Action item:
Below are some records. Retype exactly the lines from the one containing "You can then" through the one containing "Hey, what's up", both included, skipping every picture.

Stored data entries

━━━━━━

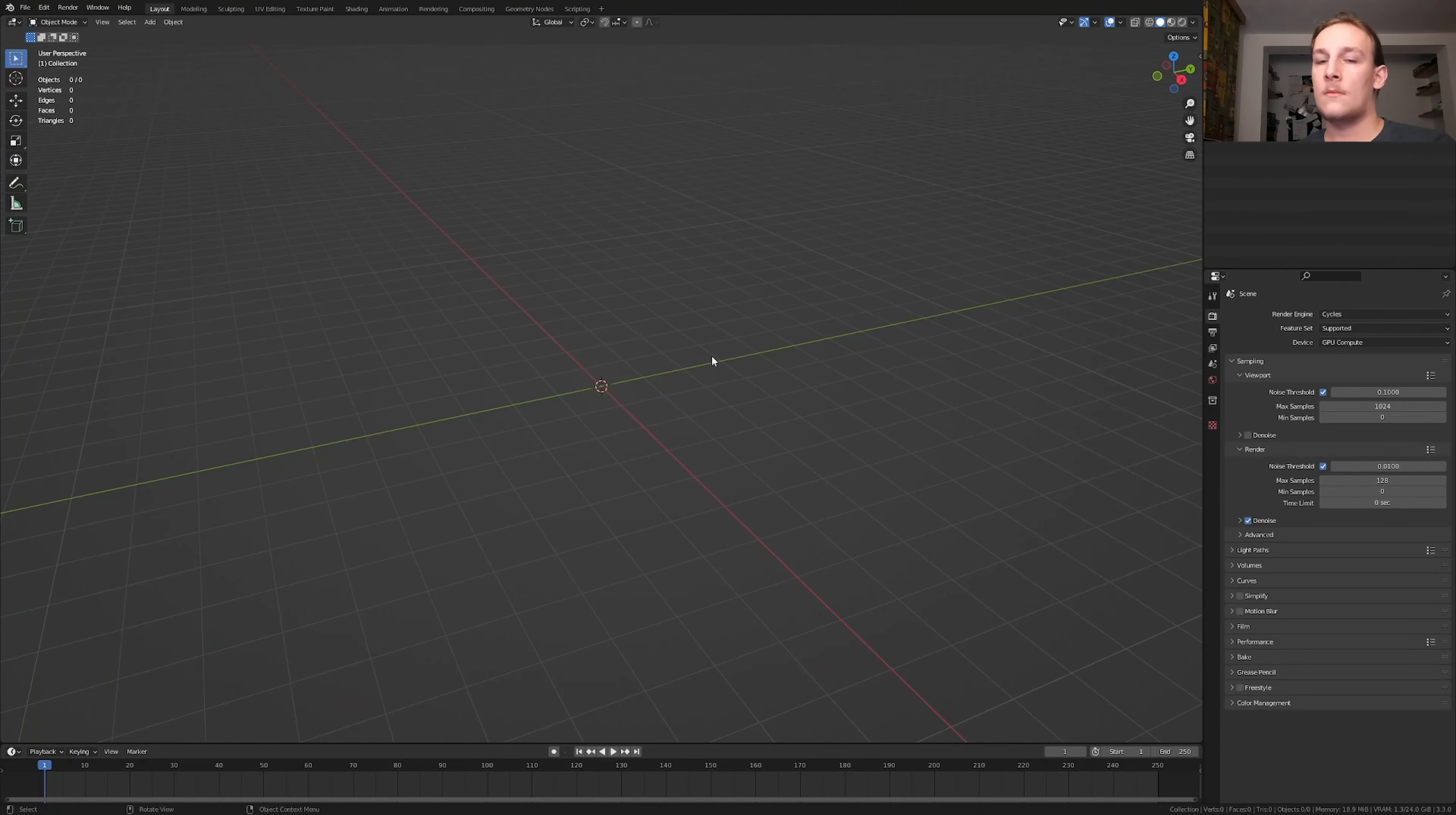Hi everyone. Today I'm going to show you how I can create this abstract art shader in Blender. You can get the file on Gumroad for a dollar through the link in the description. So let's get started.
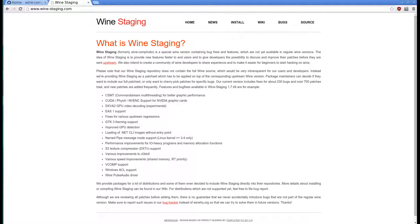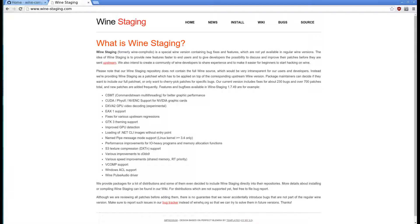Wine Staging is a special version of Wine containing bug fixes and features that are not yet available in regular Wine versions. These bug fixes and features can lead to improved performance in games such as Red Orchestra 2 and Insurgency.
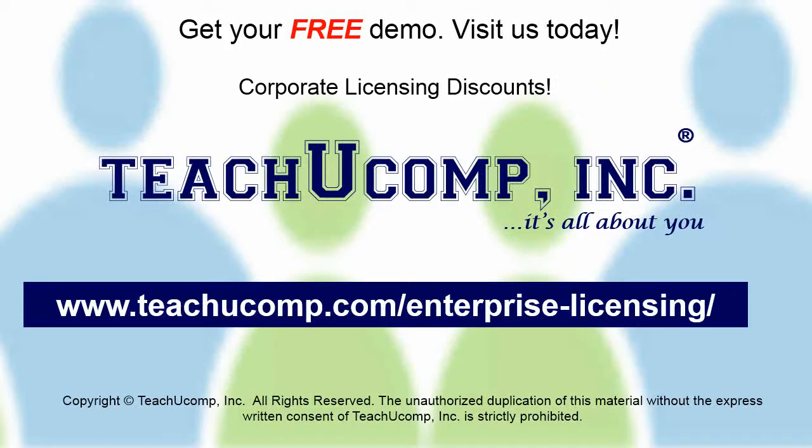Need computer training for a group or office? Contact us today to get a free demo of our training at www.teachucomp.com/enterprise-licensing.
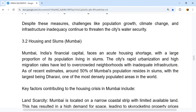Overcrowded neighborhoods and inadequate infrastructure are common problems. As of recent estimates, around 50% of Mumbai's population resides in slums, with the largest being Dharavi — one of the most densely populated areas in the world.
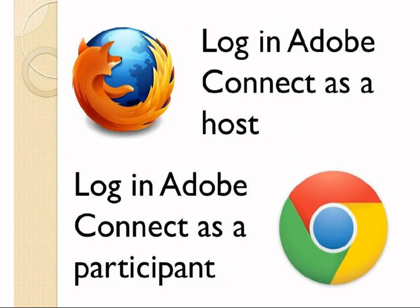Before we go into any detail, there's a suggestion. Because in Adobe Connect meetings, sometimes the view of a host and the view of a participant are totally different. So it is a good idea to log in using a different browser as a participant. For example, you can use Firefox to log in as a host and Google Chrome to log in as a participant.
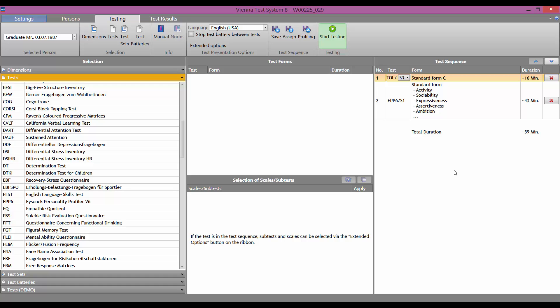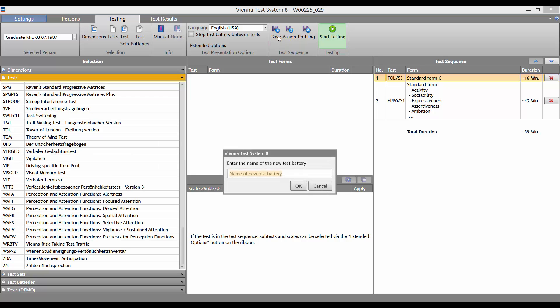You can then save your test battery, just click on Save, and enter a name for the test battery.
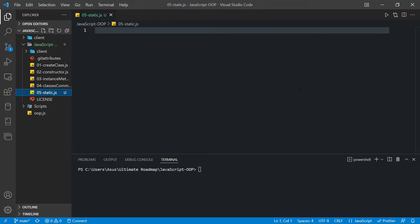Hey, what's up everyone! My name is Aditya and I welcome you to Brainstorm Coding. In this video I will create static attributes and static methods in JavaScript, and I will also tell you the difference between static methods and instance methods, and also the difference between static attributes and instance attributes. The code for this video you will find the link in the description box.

━━━━━━

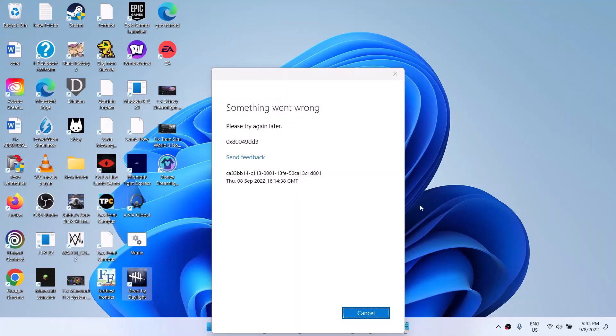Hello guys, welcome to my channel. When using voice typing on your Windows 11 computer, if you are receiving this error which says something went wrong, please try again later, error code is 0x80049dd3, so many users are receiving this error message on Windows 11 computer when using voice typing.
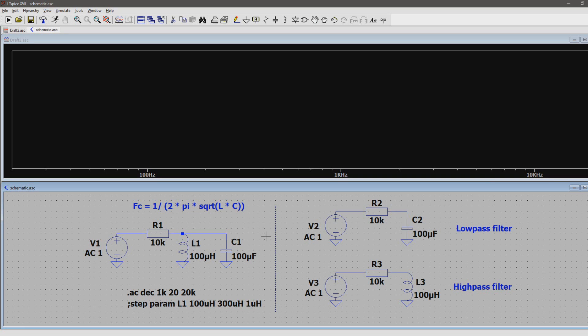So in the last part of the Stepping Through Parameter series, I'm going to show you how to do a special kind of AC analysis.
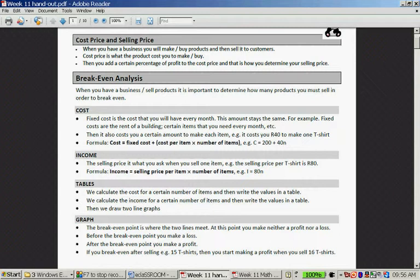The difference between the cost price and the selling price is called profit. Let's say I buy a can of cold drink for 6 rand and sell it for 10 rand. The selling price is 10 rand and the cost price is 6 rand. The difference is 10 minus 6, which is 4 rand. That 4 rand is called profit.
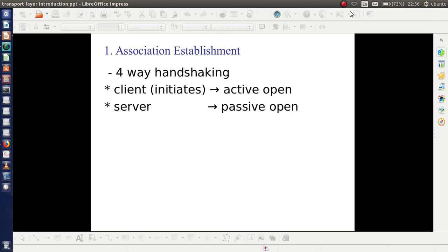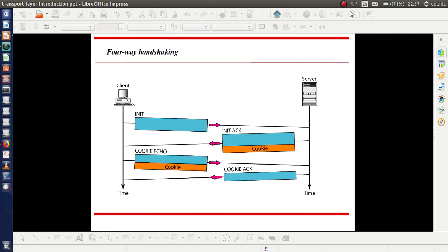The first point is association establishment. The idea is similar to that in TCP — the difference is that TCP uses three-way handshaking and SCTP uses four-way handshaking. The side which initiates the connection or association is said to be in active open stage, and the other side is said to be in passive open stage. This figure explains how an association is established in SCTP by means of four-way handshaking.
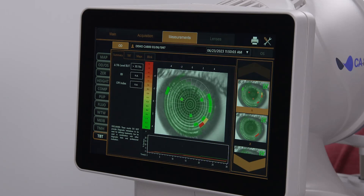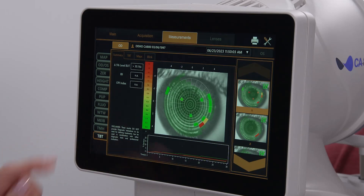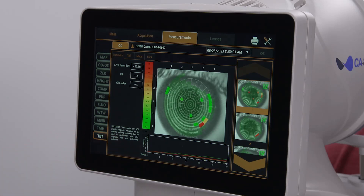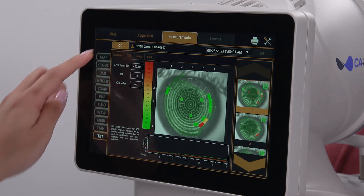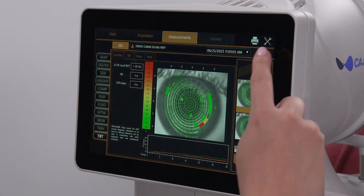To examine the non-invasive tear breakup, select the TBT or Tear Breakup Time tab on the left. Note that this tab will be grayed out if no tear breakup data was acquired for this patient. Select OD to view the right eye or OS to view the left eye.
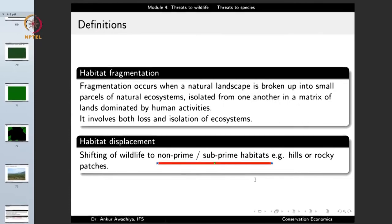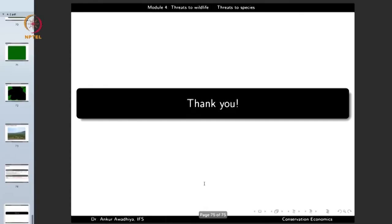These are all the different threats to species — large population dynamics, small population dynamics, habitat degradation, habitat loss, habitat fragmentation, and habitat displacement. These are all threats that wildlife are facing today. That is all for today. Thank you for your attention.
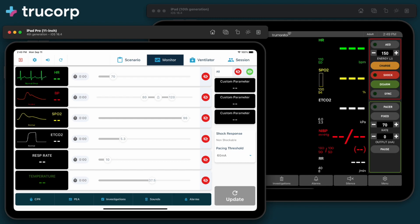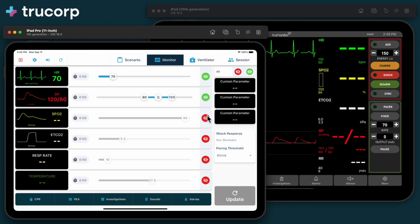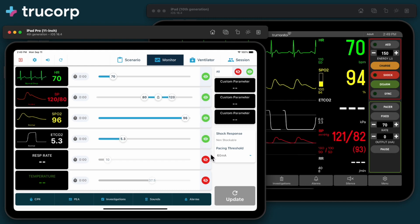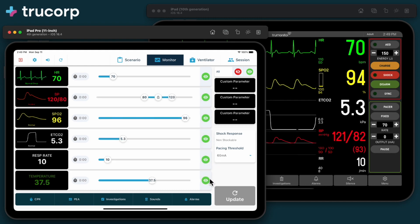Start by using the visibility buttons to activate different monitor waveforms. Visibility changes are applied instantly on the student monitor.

━━━━━━

The answer:
You can then save your test battery, just click on Save, and enter a name for the test battery.
Hey, what's up everyone! My name is Aditya and I welcome you to Brainstorm Coding. In this video I will create static attributes and static methods in JavaScript, and I will also tell you the difference between static methods and instance methods, and also the difference between static attributes and instance attributes. The code for this video you will find the link in the description box.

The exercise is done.